Toujours sur Gaza, Bouchez a plaidé pour l’envoi de casques bleus de l’ONU, qualifiés par lui de « force d’interposition » afin d’assurer l’aide humanitaire et protéger les civils. Mais derrière cette proposition ridicule se cache une méconnaissance totale des réalités du terrain : les travailleurs humanitaires sont déjà ciblés, arrêtés, et tués par Israël, et aucune force onusienne ne sera déployée sans aval des États-Unis, impossible dans les conditions géopolitiques actuelles. Plus largement, l’histoire des missions de l’ONU montre que ces opérations se soldent très souvent par des fiascos politiques et humanitaires, en témoignent les cas libyens ou congolais.
L’armée dans les quartiers : la « solution Bouchez »

Autre proposition surréaliste de Bouchez qu’il présente lors de cet entretien : envoyer l’armée dans les quartiers frappés par le trafic de drogue et les fusillades, comme au Peterbos. « Face à des trafiquants qui tirent au cœur de nos villes, il faut oser prendre des mesures radicales, y compris mettre des militaires dans les zones fortement touchées pour soutenir nos forces de police », a-t-il déclaré. Une idée qui semble complètement déconnectée des besoins du terrain et qui soulève de sérieuses questions sur la militarisation de la sécurité publique.
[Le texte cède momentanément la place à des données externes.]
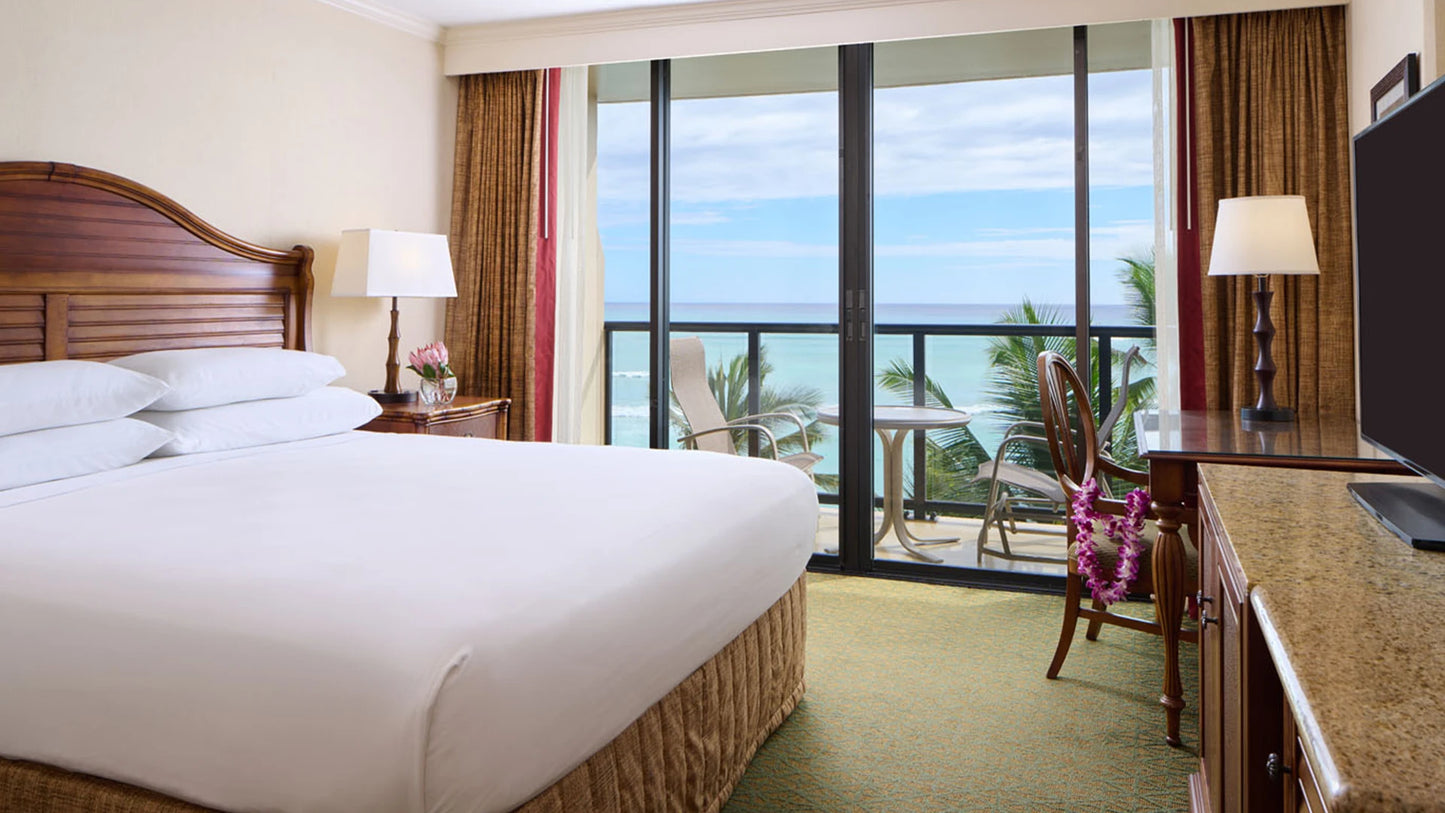 Outrigger Waikiki Beach Resort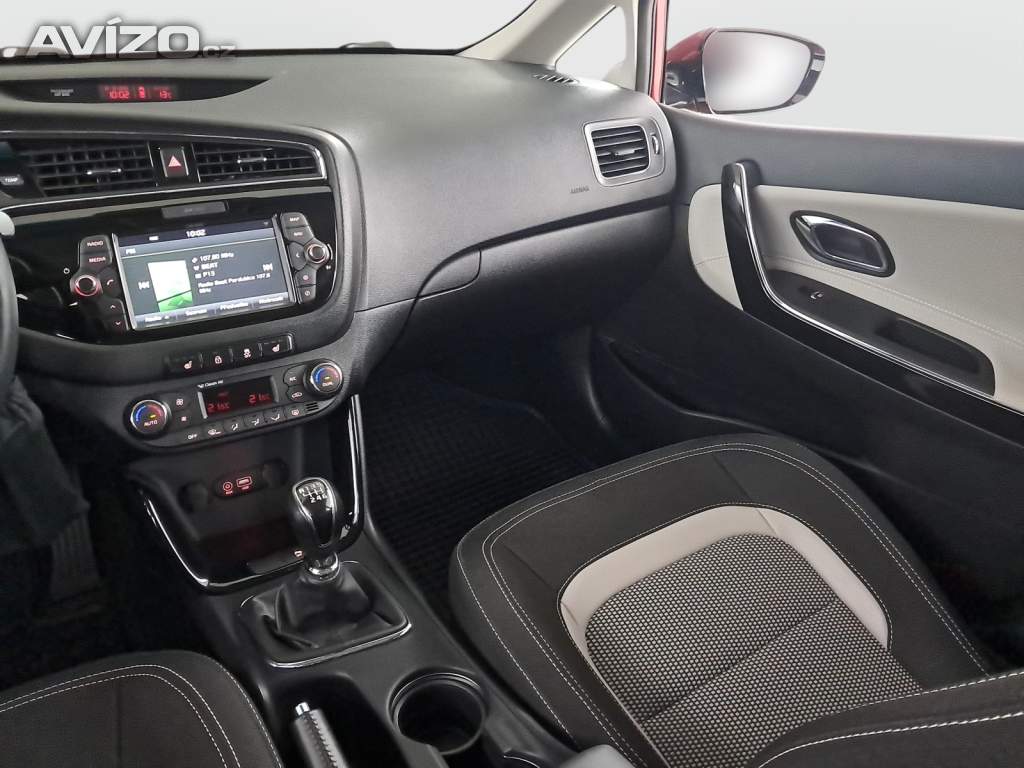 Foto inzerátu Kia Ceed 1.6 CRDi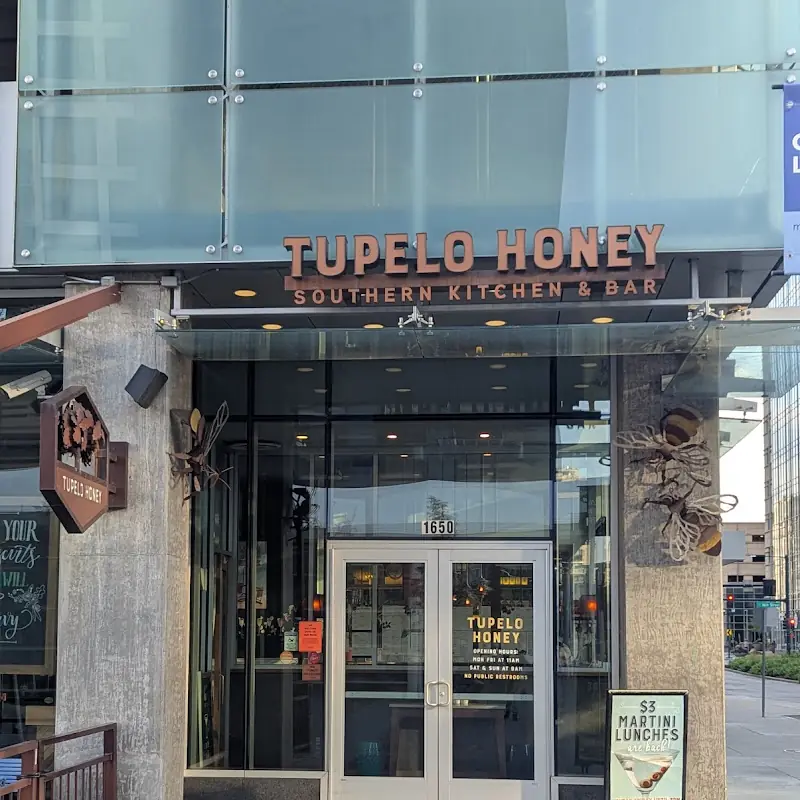 Tupelo Honey Southern Kitchen & Bar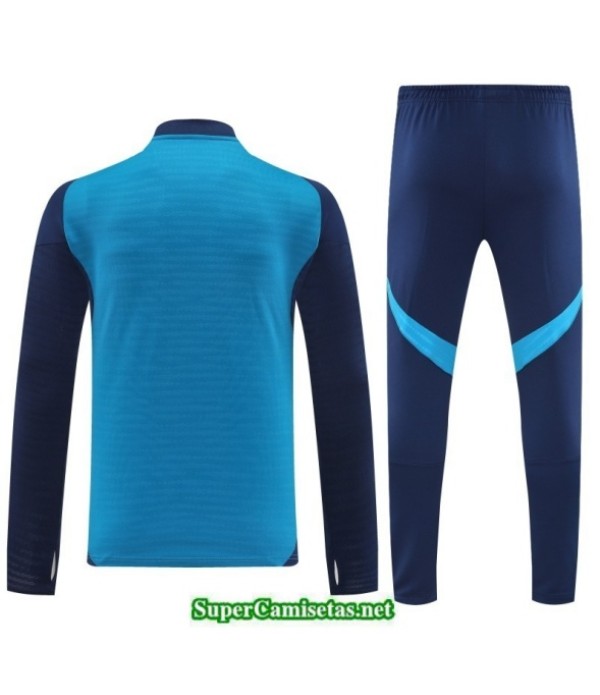 Tailandia Chandal Arsenal Niño Azul Celeste/azul Marino 2025 2026 S21941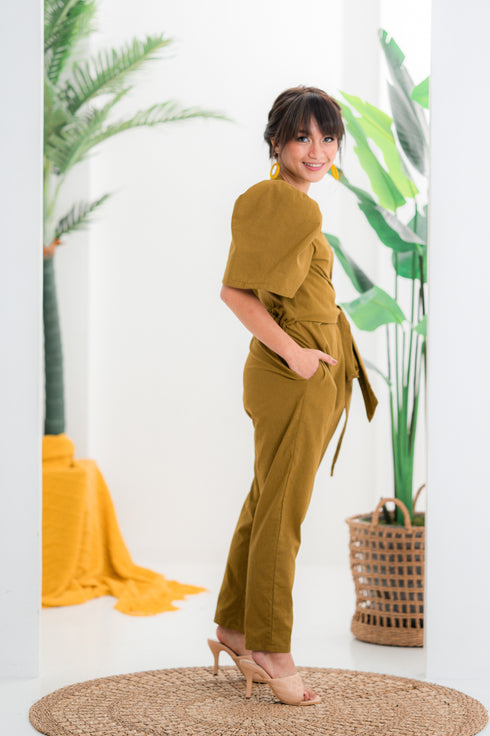 Maud London x Get Spotted: Lea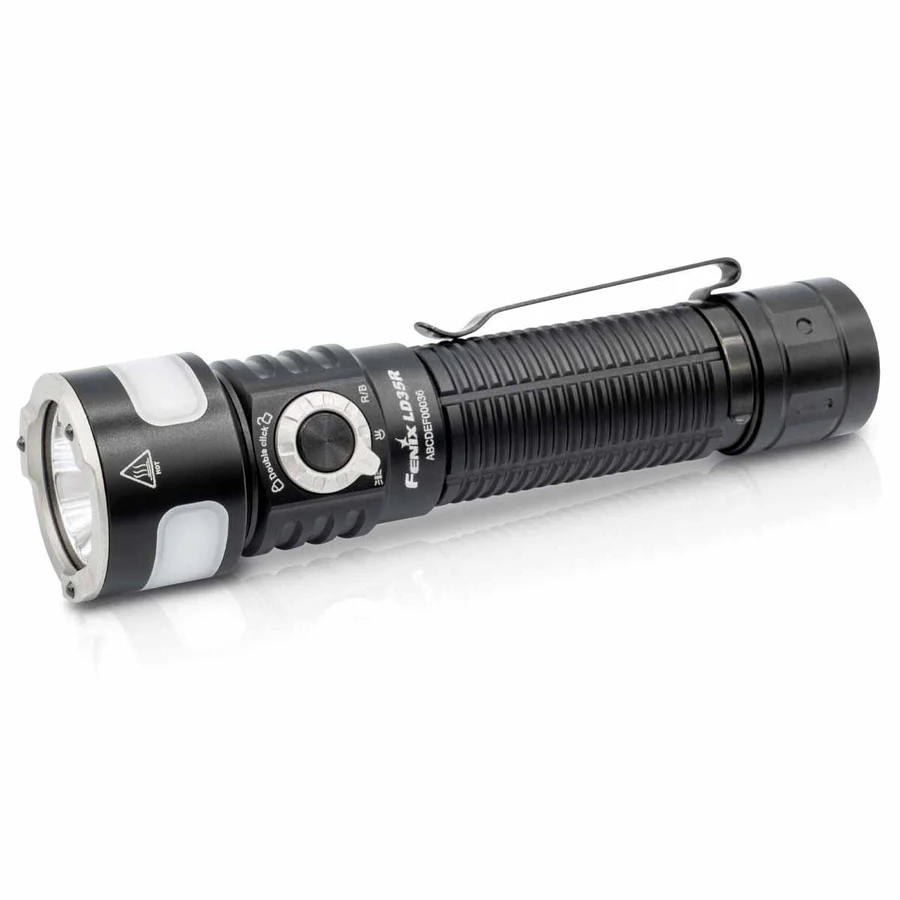 Fenix LD35R 1800lm taskulamppu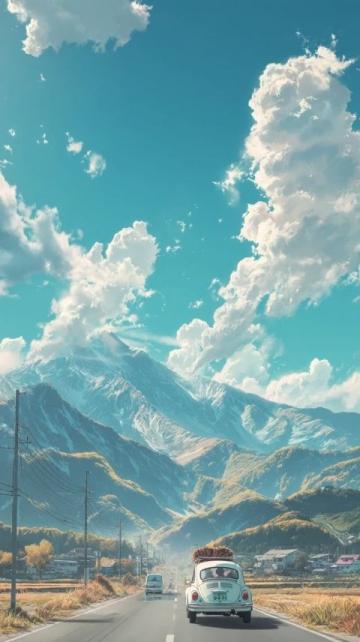 辭職7天川西自駕之旅,我被美到失語(yǔ)！朋友圈直接炸成熱搜第一！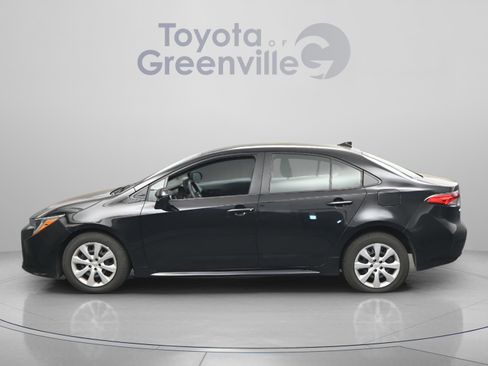 Certified 2024 Toyota Corolla LE FWD image 6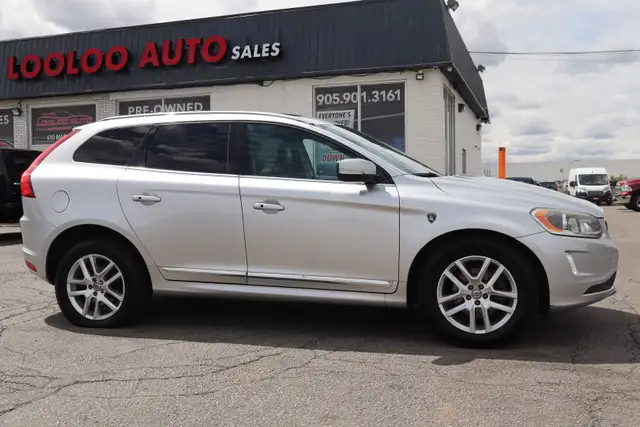 2017 Volvo XC60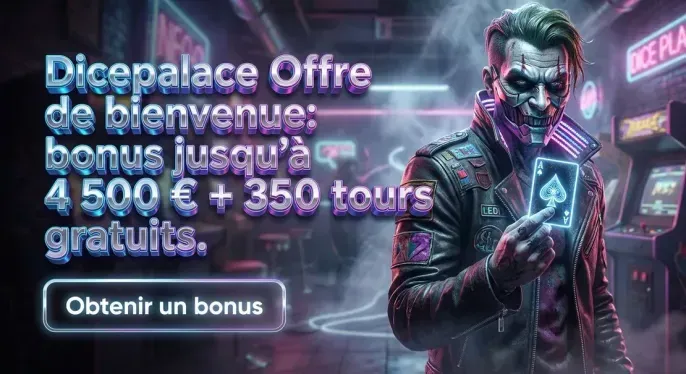 Dicepalace Casino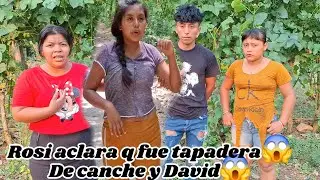 Rosi Enfrenta  a La Amante De Su Hermano😡Aquí Dirá Toda La Verdad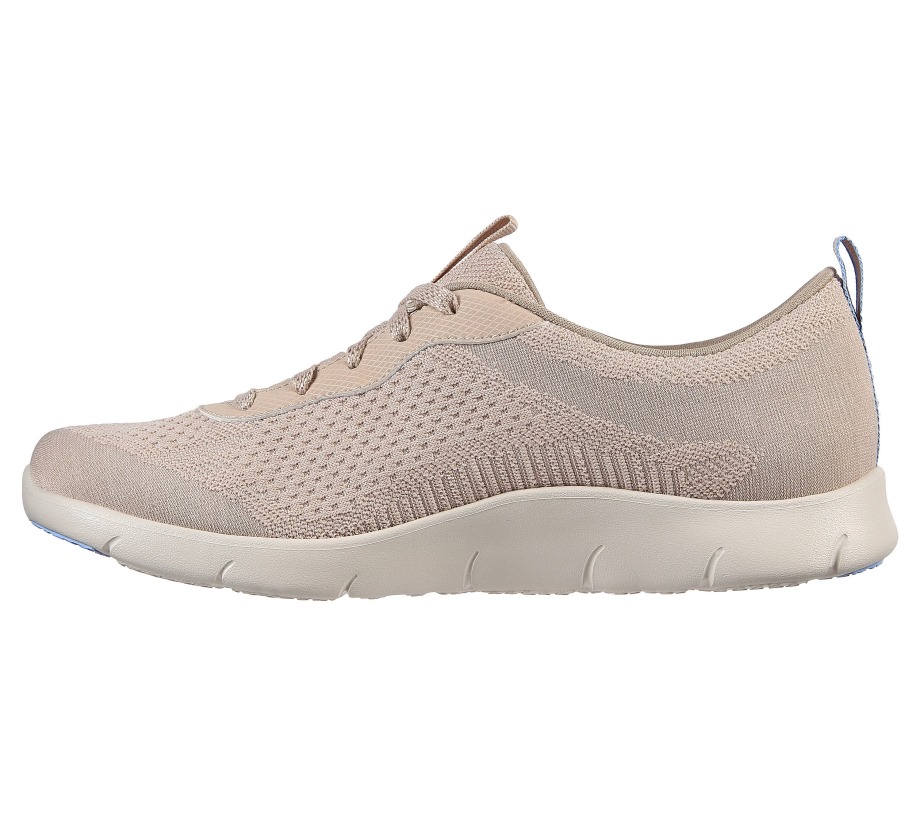 Arch Fit Refine Lavish Skechers Taupe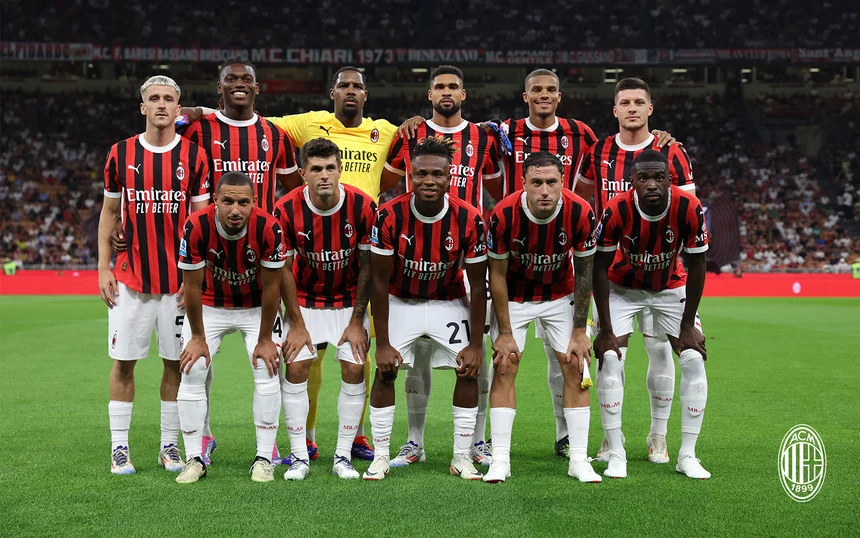 Skuad AC Milan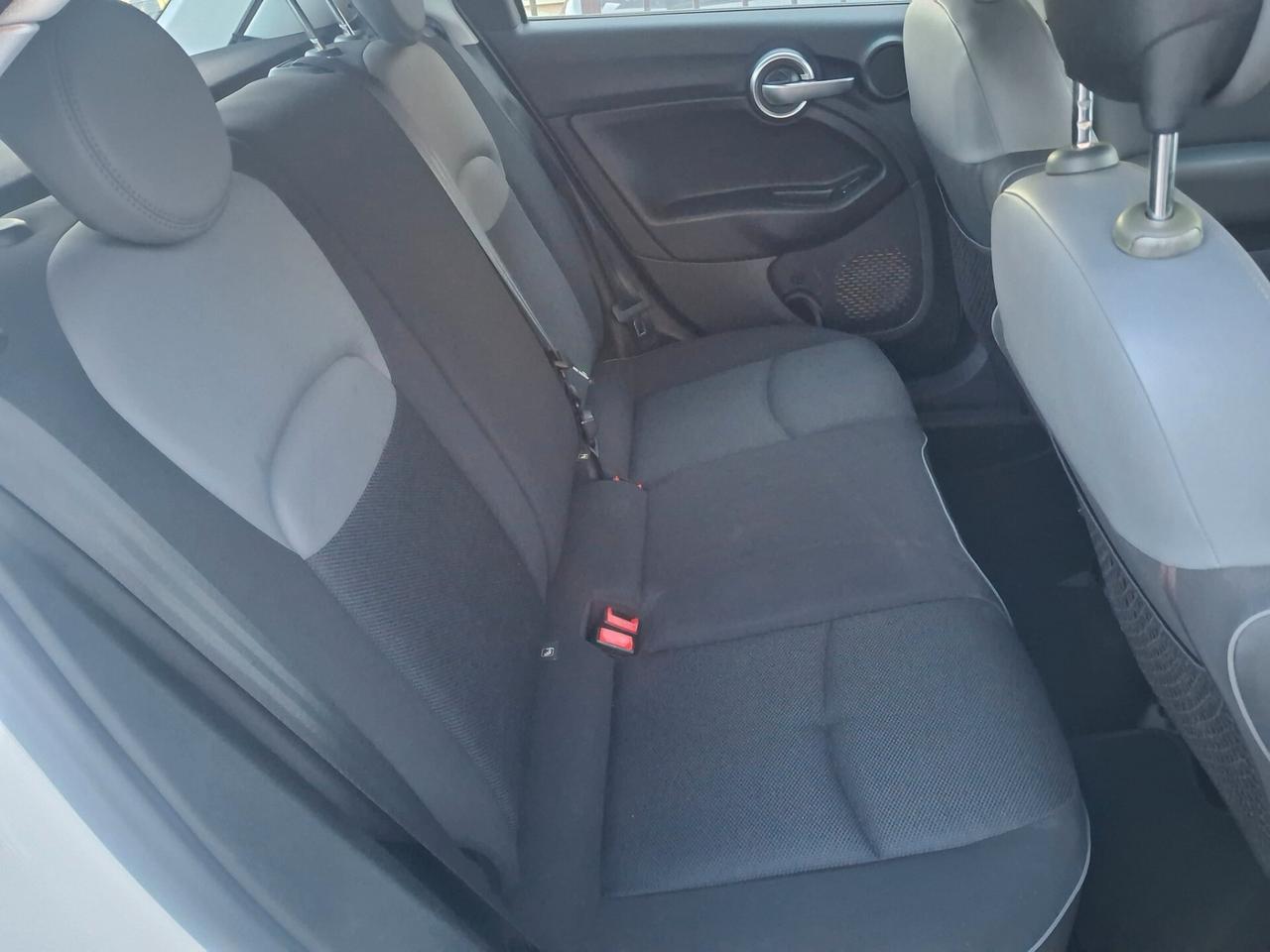 Fiat 500X 1.4 MultiAir 140 CV Lounge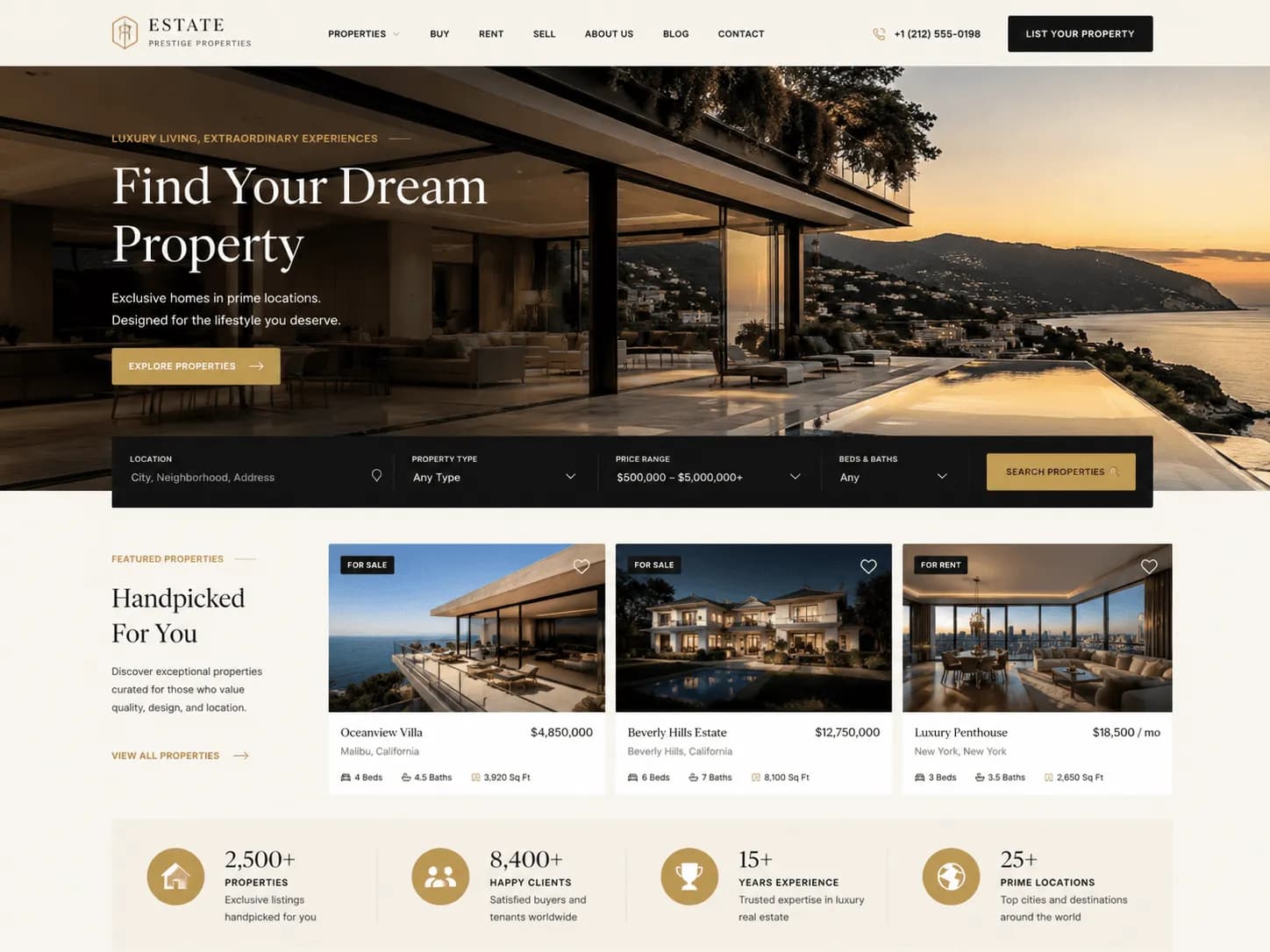 Property & Real Estate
La mesure, qui sera soumise au gouvernement, rappelle étrangement celle de Donald Trump, lorsqu’il a tenté de mobiliser l’armée contre les cartels au Mexique en les classant comme organisations terroristes.
Une démarche qui a provoqué la colère de l’État mexicain et souligné l’inefficacité et le danger de l’usage de la force militaire pour résoudre des problèmes politiques et de société aussi complexes.
Bouchez semble vouloir transposer ce modèle en Belgique, avec des conséquences tout aussi inquiétantes.